(Stored records)
▶

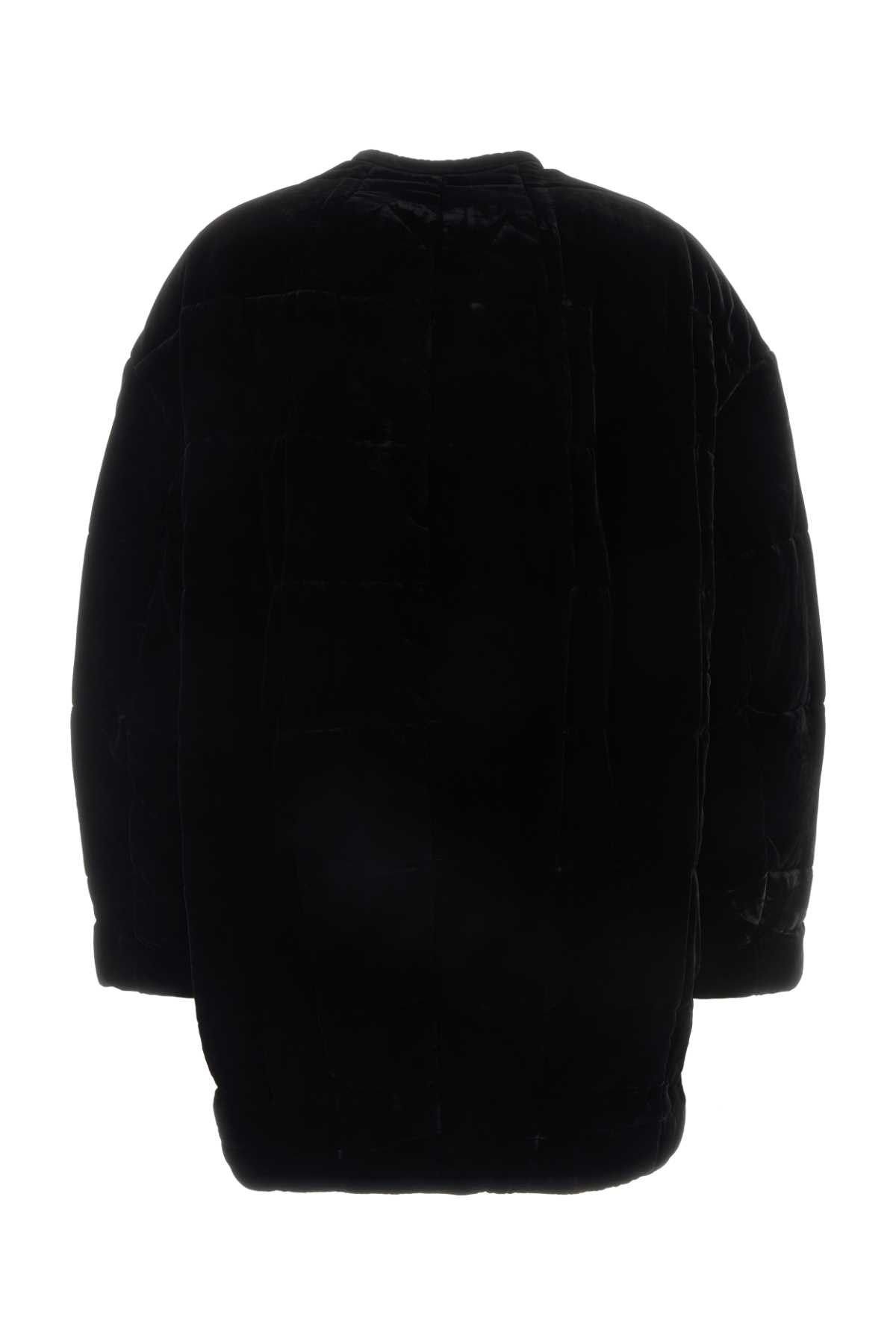 Isabel Marant Black Doriane Eco Fur Coat Size M / US 6-8 / IT 42-44 - 2 Thumbnail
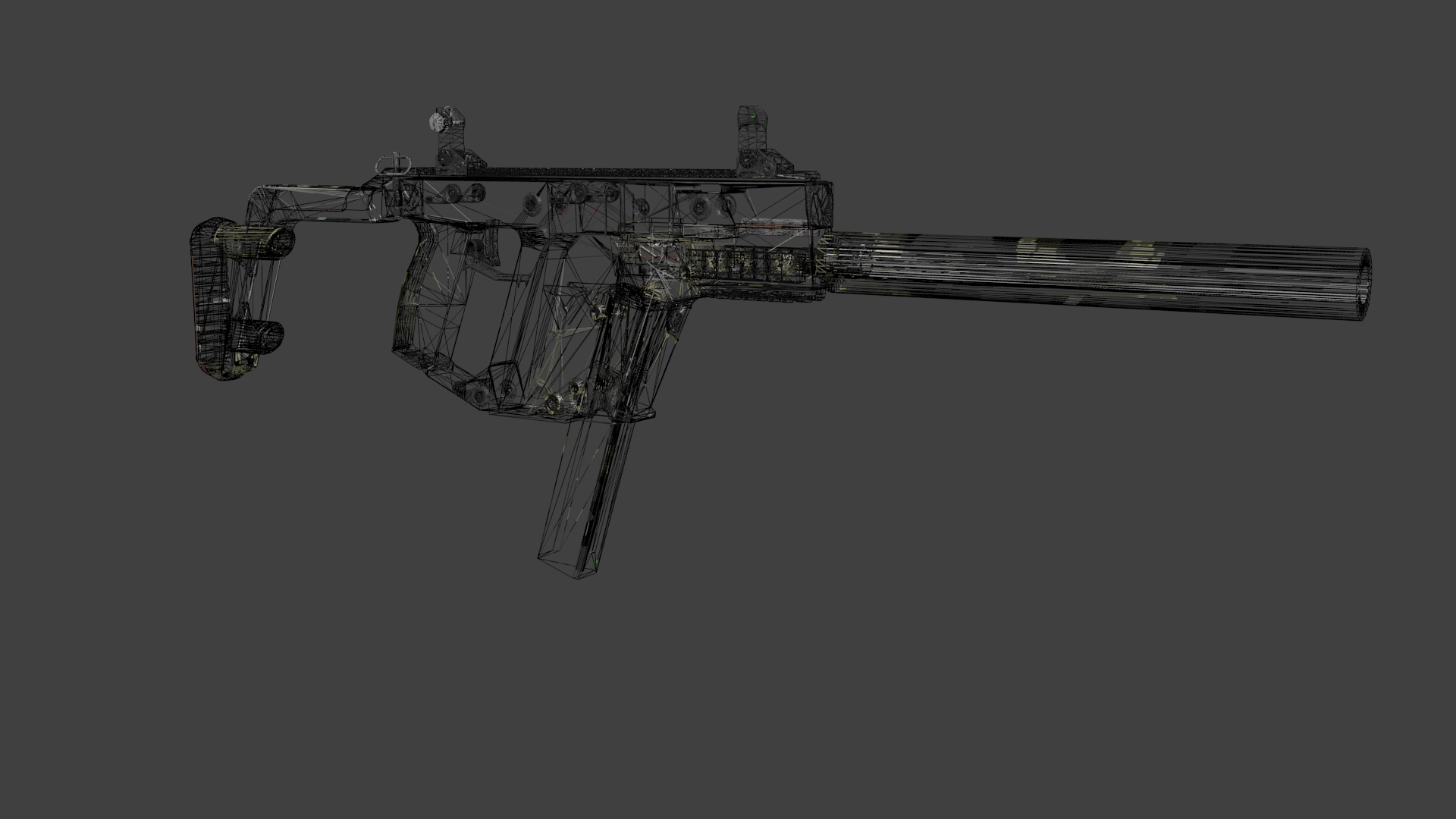 Kriss Vector SMG 3D model_4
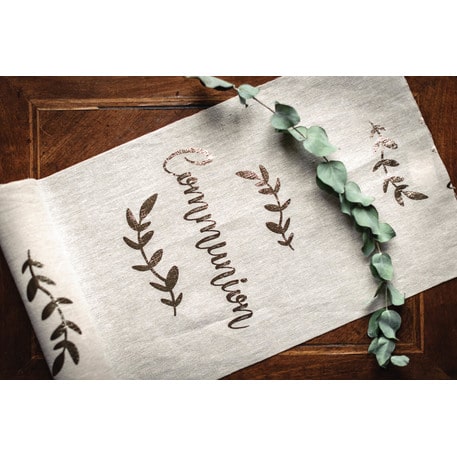 chemin de table communion en lin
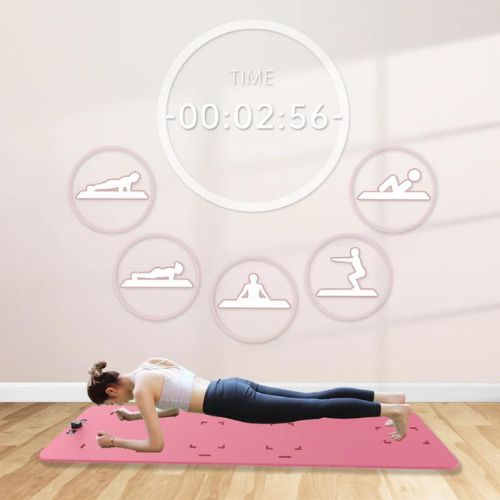 Intelligente Yogamatte mit App und digitaler LED-Anzeige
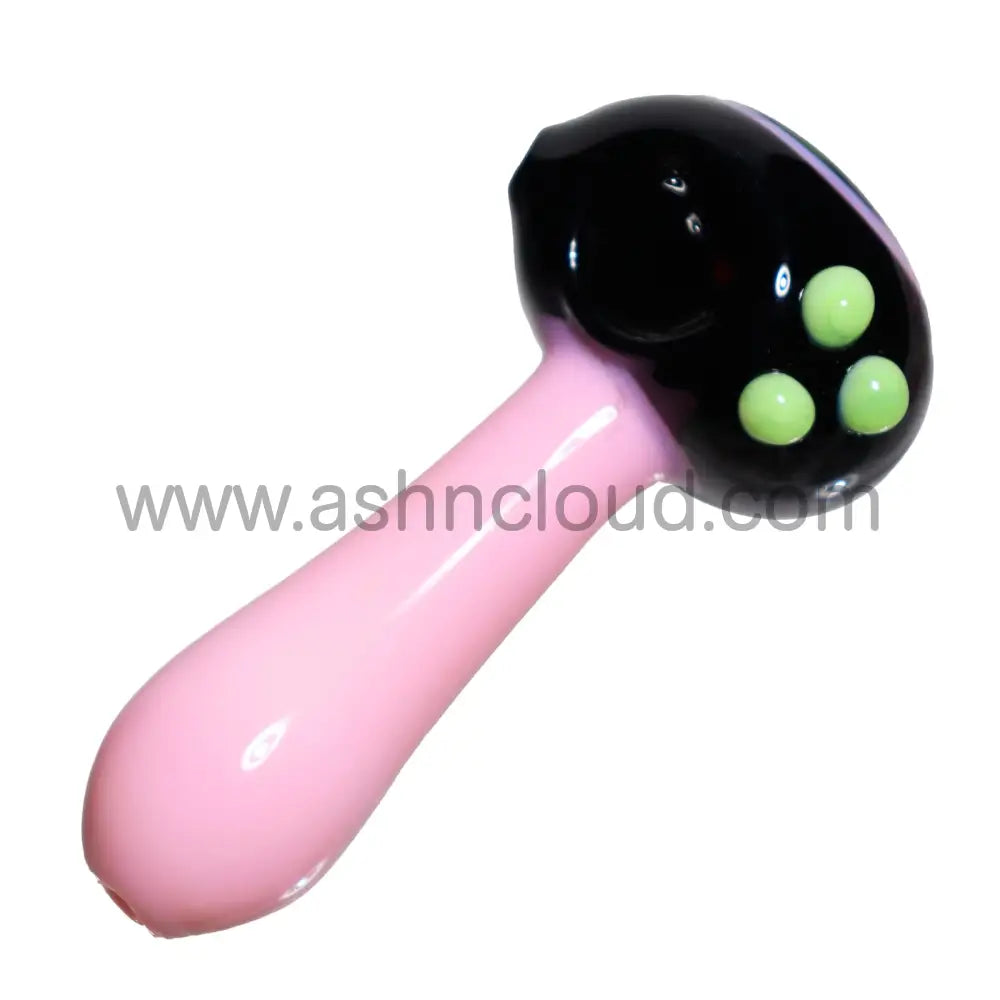 5 In - Reverse Head Colored Handle Hand Pipe Spoon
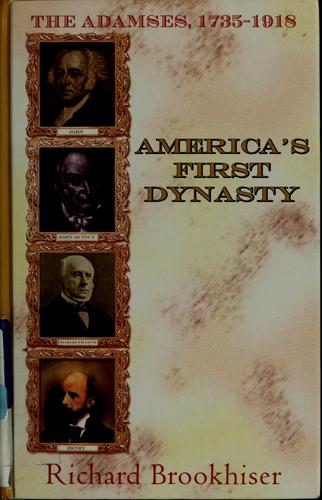 Cover for America's first dynasty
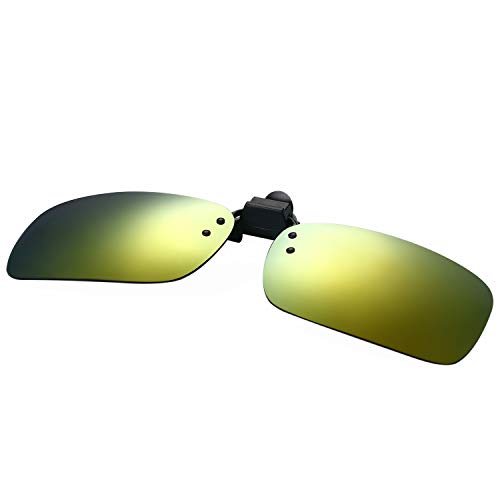Aroncent Sonnenbrille Clip On UV400 Sonnenbrillen Vorhänger Brille Aufsatz Clip On Polarisiert Metallrahmen, 3 PCS – Bild 6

◀

Return verbatim every line from the one holding "Cover for America's first dynasty" to the end of the records above. Do not copy the pictures.

**WRITTEN ANSWER**
 Cover for America's first dynasty
Aroncent Sonnenbrille Clip On UV400 Sonnenbrillen Vorhänger Brille Aufsatz Clip On Polarisiert Metallrahmen, 3 PCS – Bild 6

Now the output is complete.